Serge Stavisky, ‘provisionally released’ in 1927, succeeded with the help of his lawyers (two of whom were also Deputies) in putting off the trial of his case for six years; nineteen adjournments of the trial were granted. Whenever the case was due for hearing, Stavisky produced a medical certificate to the effect that he was not fit to stand his trial. The adjournments were granted automatically by the lower courts as a matter of routine; the machinery of the law was so complicated and so cumbersome at the best of times that this kind of delay did not attract attention at the top. But all this time Stavisky was at large and committing or preparing new depredations on a scale bigger than any he had devised before. A few conscientious officials who had kept an eye on him tried to warn their chiefs. M. Pachot, a director of the Surete Générale, wrote no less than fifteen reports about Stavisky which should have gone straight to the Public Prosecutor; but either that official did not read them when they arrived or they went astray among the innumerable pigeonholes of the Ministries of the Interior and Justice, and no action followed.

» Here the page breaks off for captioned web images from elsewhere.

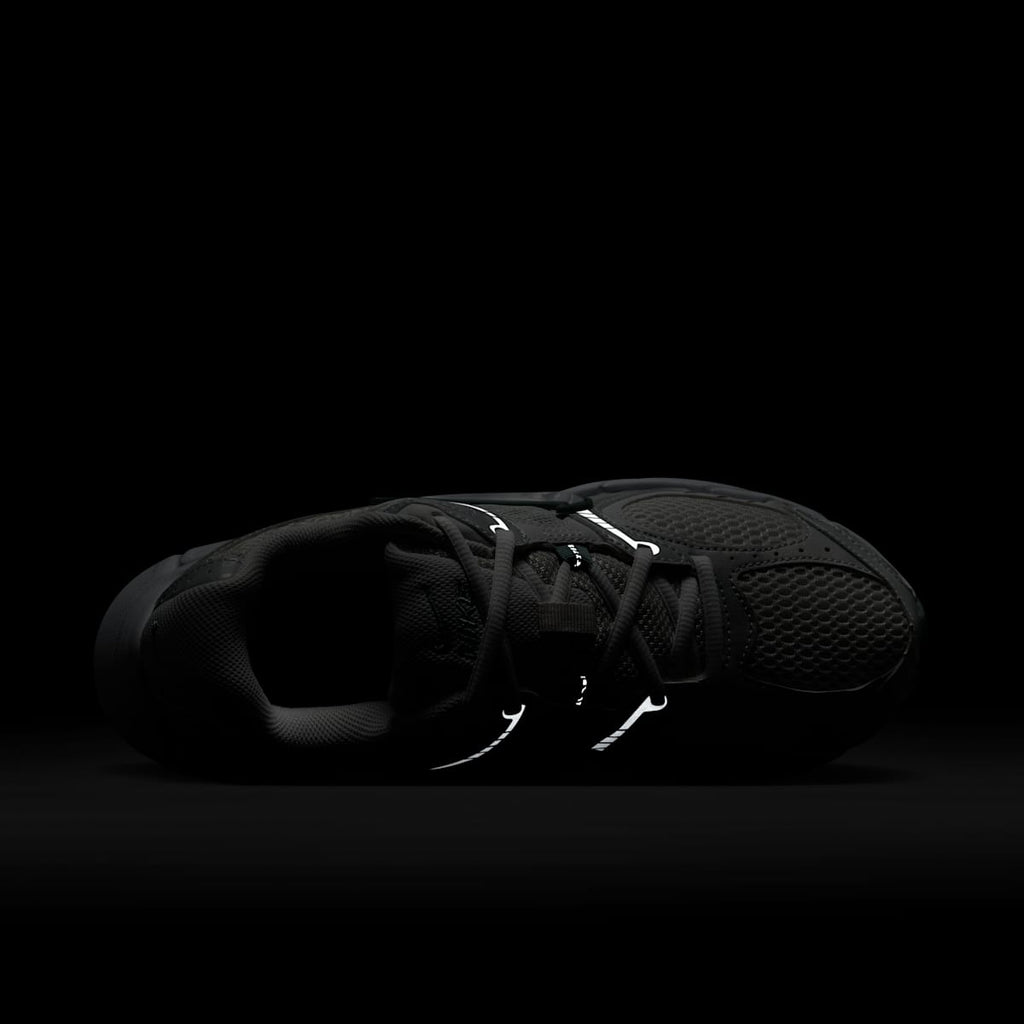 Nike V5 RNR Women's Shoes with Reflective Accents - Summit White/Vast Grey/Cannon/White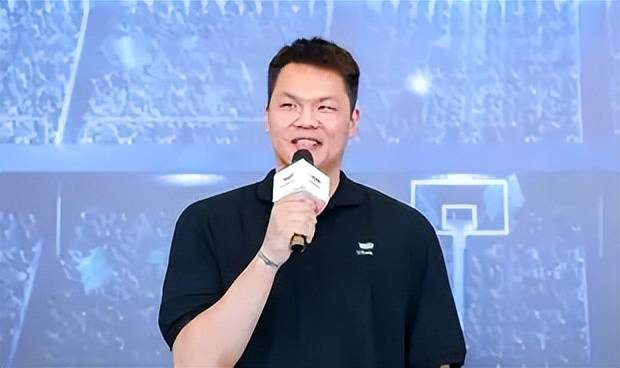 CBA3 消息：朱芳雨赚翻了！“拼命三郎” 投奔江苏，山东血亏 3500 万
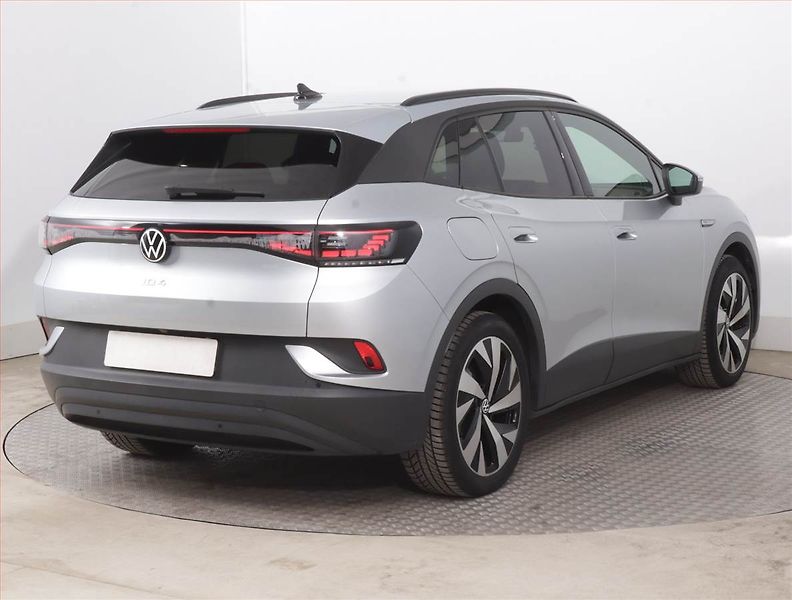Volkswagen ID.4 (2021) Pro Perf. (82 kWh), SoH 90% - fotka 5 z 17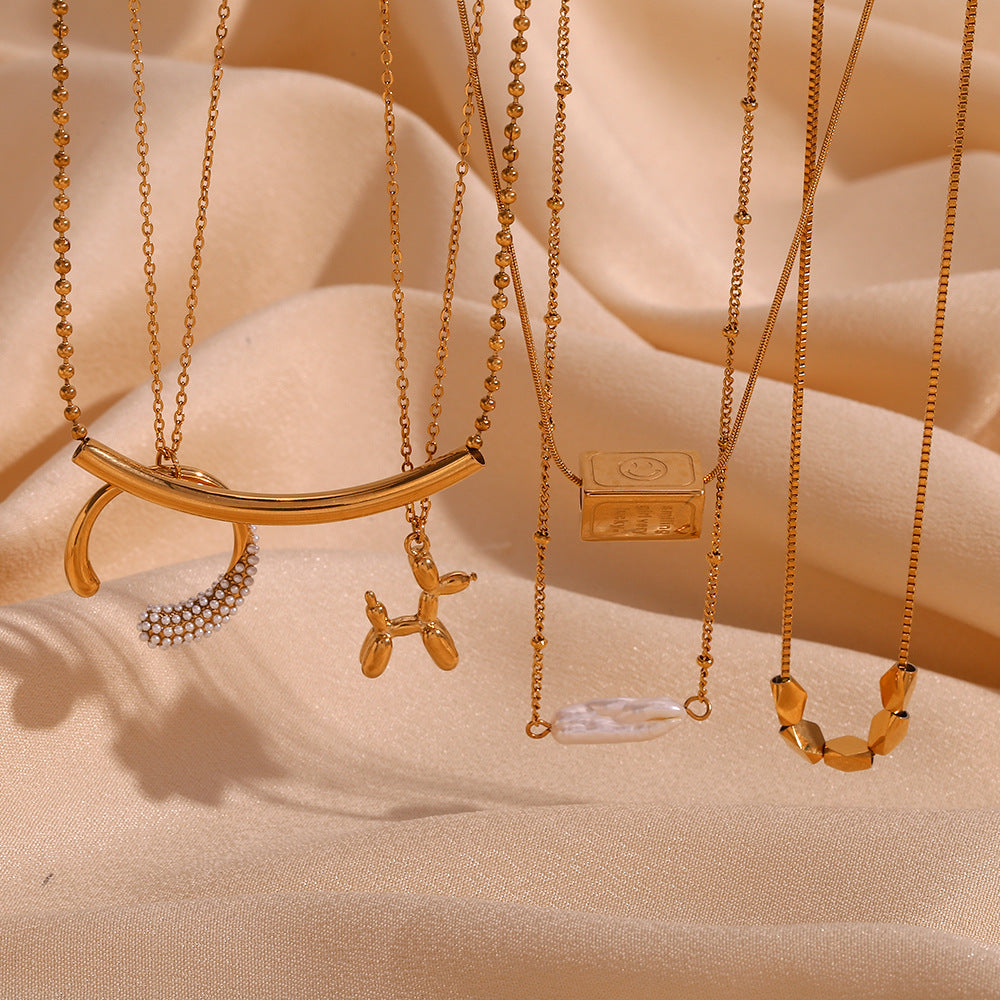 Minimalist Geometric Smile Pendant Necklace for Women in Stainless Steel with 18K Gold Plating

‘Monsieur Alexandre’ — le bel Alexandre of the flashy salons — was at the height of his power. His gambling now went farther afield than the green tables of Deauville and the Riviera. Floating fraudulent companies was his specialty. The gem of his collection was the ‘Caisse Autonome des Reglements et des Grands Travaux Internationaux,’ a title which seemed to promise great things, but merely sheltered Stavisky’s scheme to plant the Hungarian bonds at a fictitious price on the French market. (M. Daladier, who was then Premier of France, had wind of this in time and warned his Ministers, and the scheme fell through.) Then there was the ‘Compagnie Fonciere d’Entreprises Générales de Travaux Publics,’ remarkable for the fact that its chairman was a former prefect of police, M. Hudelo, and one of its board of directors a retired general. On the board of the ‘Caisse Autonome des Reglements, etc.’ were M. de Fontenay, a former Ambassador; M. Petitjean, a Belgian Senator; M. Ceccaldi, an honorary prefect; and the Vicomte de Guichen, a diplomatist. As M. Monnet, a young Socialist Deputy, said very well in the French Chamber on January 11: —
‘If the police had really wanted to unmask Stavisky, they would have warned these people against going into this concern. . . . The directors each invested only 2500 francs. The company was floated with a capital of 1,000,000 francs. What was the first act of the board of directors, at their first general meeting? They decided to issue 500,000 shares at 1000 francs each. So here are these gentlemen putting 15,000 francs between the six of them into this business and thinking that this entitles them to ask the public for 500 millions. Is it not a perfect illustration of the system under which we live? In the capitalist world of to-day the men whom we see at the head of affairs have very little money, and it is public credulity that gives them decisive and really feudal power.’
V
In his last phase Stavisky — now known only as ‘Monsieur Alexandre’ — added racing to his other activities, running his horses under the nominal ownership of M. Dorny y de Alsua, a penniless and harmless old beau, formerly Ambassador for a South American Republic, who lent his name to the venture (to avoid awkward questions by the Jockey Club) in return for a salary. But there were times when Stavisky was short of money, and then he had to revive the methods of the Rue de Caumartin. Twice he narrowly escaped disaster. The first time, after winning 780,000 francs in three games at baccarat (M. Zographos holding the bank), he was suspected of using marked cards and barred from the tables. Yet not long afterward he was gambling again, after having indignantly overcome the objections of the Cannes Casino. It was said that he held a special card from the Surete Générale which gave him the entry as a police agent, but this was not strictly correct. According to an interview given to a newspaper by M. Ducloux, who is in charge of the supervision of gambling by the Surete Générale, what happened was this: When he was released from prison at the end of 1927, he visited the Surete ‘to thank the inspectors for the way they had treated him,’ and, by way of gratitude, he offered to act as an agent or indicateur. In accordance with the dangerous and demoralizing practice of the French police, the offer was accepted and Stavisky was helpful from time to time. (This connection of his was, of course, just what he wanted to protect him from police interference.) But it happened that while traveling he was detained for twenty-four hours at the Italian frontier as a man who was ‘wanted ’ by the police. He was released on the strength of a telephone call from the Surete, but on his return to Paris he asked for a written laissezpasser and this was given to him. The ticket-of-leave man was thenceforth under police protection! Indiscreetly, he used this personal letter from a Surete inspector to force his way into the gaming rooms at Cannes. The Surete heard of this and took back the letter.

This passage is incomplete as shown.